This is the true story of scientific child prodigy, and former baby genius, Ainan Celeste Cawley, written by his father. It is the true story, too, of his gifted brothers and of all the Cawley family. I write also of child prodigy and genius in general: what it is, and how it is so often neglected in the modern world. As a society, we so often fail those we should most hope to see succeed: our gifted children and the gifted adults they become. Site Copyright: Valentine Cawley, 2006 +

Saturday, December 09, 2006

Fast Food - Faster Baby Tiarnan

Babies are famous for eating anything they get a chance to put in their mouths. Some babies are more adventurous in this regard than most. Tiarnan is one of them.

Singapore is not only populated by people, but by lizards - millions of them. They seem to get everywhere - even high up in apartment blocks, where we are, lizards are to be found. They are small, fast-moving creatures, that chatter excitedly in a tongue I do not know. It seems unlikely, looking at the speed with which they move, that a baby would have much interaction with them. Yet, Tiarnan is a well-coordinated baby, who moves very fast.

Two days ago, on the 7th December 2006, Tiarnan Hasyl Cawley, aged ten months, saw a lizard on a wall in our apartment. He hurried over to it - and reached out with his left hand to grab it. The lizard was caught completely by surprise at the speed of his attack: Tiarnan had caught a lizard. Now what do you think he did with his wriggling prize? He moved it towards his mouth, and it was only the intervention of a nearby adult, that stopped Tiarnan swallowing his live lizard whole.

It is funny to note this, because it almost seems a family tradition with our babies. Fintan, three, did the same when he was a toddler - though, he succeeded in killing his find.

It surprises me that a baby of ten months can, in fact, hunt. It seems that our early instincts are not far from the surface, if a little baby, can move fast enough and coordinated enough to catch such a fast-moving animal as a lizard.

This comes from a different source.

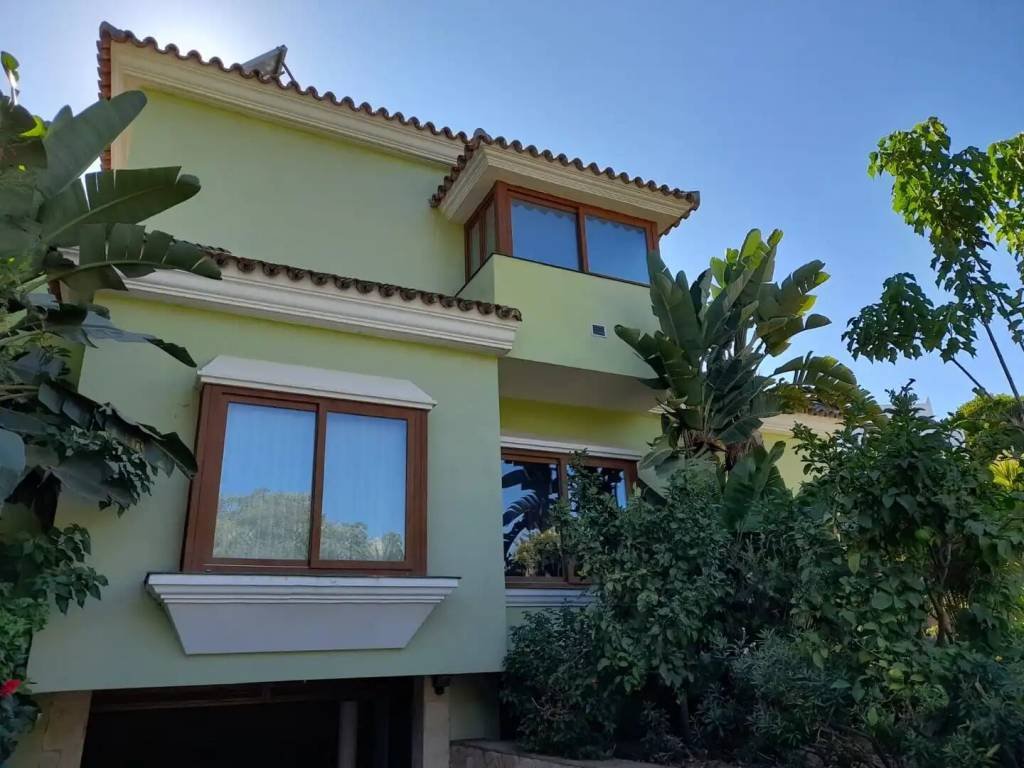 Casa de 752 m² en Estepona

So, consider this: what is your baby trying to eat for lunch?

(If you would like to read about Tiarnan's gifted brothers, including Ainan Celeste Cawley, a scientific child prodigy, aged seven years and two weeks, then please go to: http://scientific-child-prodigy.blogspot.com/2006/10/scientific-child-prodigy-guide.html I also write of child prodigy, child genius, adult genius, savant, the creatively gifted, gifted adults and gifted children in general. Thanks.)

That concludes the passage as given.